Was doing the above an issue? If so why?
moving files does not break pools - directly. Though data move pose some strain on hardware.
To preserve attributes you use -p switch with tar
--same-owner helps too

Now if attributes/gid/uid are not how you need them, you can fix them yep. chown and chmod
Its harder if you had SMB shares and ACL there..
Usually better off doing zfs send/recv to move data or using GUI to replicate snapshots of datasets, or RSYNC.

Various md5sum checks between known good files on the remote backup server and these files on the machine with issues seem to be the same. Is this common for this to be the case when drives are having issues?
ZFS if Very resilient. It checksums everything. If it successfully scrub and your pool did not break, its Highly Unlikely that data is changed.

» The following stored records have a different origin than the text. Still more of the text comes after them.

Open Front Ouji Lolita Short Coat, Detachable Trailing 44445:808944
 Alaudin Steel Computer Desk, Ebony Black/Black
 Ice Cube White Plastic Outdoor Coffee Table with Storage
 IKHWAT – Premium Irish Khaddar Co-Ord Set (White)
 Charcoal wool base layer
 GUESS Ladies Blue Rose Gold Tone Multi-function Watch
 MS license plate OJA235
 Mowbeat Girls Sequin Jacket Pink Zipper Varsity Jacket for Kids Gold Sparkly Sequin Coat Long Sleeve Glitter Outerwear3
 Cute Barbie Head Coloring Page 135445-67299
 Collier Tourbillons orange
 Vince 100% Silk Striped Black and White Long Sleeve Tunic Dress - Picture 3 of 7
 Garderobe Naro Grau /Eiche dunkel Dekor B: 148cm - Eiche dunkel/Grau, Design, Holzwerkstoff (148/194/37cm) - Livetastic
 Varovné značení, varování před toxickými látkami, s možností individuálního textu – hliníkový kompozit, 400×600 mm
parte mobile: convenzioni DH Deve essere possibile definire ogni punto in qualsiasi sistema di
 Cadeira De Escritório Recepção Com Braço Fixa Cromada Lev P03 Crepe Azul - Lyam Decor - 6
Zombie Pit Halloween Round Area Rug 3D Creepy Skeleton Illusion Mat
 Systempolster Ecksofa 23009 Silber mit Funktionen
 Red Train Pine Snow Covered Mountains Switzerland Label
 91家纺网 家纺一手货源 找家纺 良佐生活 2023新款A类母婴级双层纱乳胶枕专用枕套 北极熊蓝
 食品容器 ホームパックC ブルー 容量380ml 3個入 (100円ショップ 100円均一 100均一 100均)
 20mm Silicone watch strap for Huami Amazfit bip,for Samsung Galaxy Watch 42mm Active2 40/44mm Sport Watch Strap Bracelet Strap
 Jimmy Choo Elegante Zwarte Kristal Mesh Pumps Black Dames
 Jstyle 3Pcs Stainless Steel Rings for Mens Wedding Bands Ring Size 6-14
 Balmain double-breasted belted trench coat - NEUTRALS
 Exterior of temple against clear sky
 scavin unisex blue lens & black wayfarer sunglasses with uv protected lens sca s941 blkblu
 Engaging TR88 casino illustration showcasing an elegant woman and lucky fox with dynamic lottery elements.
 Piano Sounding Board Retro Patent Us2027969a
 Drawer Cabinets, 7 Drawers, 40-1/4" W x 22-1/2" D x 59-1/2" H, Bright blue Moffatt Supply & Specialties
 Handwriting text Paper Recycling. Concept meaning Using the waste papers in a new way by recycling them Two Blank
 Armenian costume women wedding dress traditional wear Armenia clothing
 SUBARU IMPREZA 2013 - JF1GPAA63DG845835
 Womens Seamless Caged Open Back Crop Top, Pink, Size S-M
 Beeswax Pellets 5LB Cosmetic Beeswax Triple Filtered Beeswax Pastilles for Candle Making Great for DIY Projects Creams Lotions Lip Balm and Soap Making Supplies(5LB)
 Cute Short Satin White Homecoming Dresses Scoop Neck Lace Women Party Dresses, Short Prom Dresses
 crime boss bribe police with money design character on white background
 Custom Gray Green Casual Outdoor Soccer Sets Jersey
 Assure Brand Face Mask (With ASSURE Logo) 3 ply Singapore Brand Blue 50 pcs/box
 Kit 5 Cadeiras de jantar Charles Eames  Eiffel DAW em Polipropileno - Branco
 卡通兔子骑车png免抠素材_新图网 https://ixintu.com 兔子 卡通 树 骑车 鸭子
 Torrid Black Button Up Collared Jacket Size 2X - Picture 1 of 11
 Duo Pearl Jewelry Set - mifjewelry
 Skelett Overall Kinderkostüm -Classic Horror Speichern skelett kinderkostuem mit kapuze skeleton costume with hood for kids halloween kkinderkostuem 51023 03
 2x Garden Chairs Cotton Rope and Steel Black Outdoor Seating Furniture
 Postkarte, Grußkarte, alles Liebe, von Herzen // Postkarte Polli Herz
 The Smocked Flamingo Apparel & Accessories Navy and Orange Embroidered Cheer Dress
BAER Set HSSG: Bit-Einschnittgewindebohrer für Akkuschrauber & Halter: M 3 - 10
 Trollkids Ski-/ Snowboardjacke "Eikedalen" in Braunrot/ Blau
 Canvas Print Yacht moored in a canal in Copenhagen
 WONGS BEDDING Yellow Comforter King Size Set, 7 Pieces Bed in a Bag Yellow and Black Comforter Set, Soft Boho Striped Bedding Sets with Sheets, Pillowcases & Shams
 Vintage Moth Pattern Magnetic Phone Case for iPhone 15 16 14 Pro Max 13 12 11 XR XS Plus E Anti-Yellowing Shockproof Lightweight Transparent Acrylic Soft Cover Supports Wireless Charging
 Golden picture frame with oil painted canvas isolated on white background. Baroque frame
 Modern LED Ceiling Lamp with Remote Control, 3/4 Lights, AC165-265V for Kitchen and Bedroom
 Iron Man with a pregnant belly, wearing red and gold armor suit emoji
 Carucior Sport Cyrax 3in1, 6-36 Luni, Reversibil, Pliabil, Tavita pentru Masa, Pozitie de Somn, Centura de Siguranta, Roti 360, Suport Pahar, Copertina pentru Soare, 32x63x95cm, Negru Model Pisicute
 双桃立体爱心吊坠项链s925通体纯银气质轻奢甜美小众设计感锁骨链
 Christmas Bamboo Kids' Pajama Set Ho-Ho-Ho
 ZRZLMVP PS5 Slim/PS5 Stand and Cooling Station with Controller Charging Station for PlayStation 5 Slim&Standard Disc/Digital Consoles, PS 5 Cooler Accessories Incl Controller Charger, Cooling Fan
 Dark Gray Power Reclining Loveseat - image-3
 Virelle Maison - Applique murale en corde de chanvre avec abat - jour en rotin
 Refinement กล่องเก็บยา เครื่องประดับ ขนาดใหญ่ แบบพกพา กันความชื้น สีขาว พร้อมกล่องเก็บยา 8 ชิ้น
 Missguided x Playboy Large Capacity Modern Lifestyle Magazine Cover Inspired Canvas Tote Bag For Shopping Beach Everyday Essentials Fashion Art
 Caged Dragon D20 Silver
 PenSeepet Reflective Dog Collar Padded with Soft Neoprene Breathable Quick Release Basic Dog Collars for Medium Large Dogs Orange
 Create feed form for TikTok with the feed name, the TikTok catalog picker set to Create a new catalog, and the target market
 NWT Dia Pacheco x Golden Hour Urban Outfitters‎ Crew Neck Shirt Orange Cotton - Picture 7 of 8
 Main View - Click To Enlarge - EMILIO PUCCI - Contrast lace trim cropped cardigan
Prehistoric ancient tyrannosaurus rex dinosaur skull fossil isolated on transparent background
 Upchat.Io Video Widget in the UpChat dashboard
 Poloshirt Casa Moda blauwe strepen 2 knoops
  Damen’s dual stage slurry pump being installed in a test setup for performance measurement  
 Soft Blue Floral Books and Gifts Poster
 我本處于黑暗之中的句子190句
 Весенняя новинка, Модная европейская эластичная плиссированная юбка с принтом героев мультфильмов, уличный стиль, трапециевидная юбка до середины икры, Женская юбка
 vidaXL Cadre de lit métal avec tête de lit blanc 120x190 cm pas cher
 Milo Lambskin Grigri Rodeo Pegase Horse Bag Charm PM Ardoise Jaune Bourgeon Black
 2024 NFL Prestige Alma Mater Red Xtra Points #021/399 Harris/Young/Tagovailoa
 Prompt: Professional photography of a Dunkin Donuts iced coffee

I don't want to make assumptions. The asker might have something else in mind. But, they may just be asking for more details about all of your hardware. RAM, CPU, MB, Drives, Boot device, etc.
Thats right. And software build/versions.

About situation as a whole, Demonlinx, I'm more inclined to believe its faulty drives then controller. SAS2008 based cards are designed to operate at up to +55 Ambient temperature, as per https://docs.broadcom.com/doc/12353227
If something else was broken - like power source or a fan or memory - it would have been visible in HP iLO2

For how long have you had that pool operational before you saw errors? Did you check it before, did you burn-in it before putting data on?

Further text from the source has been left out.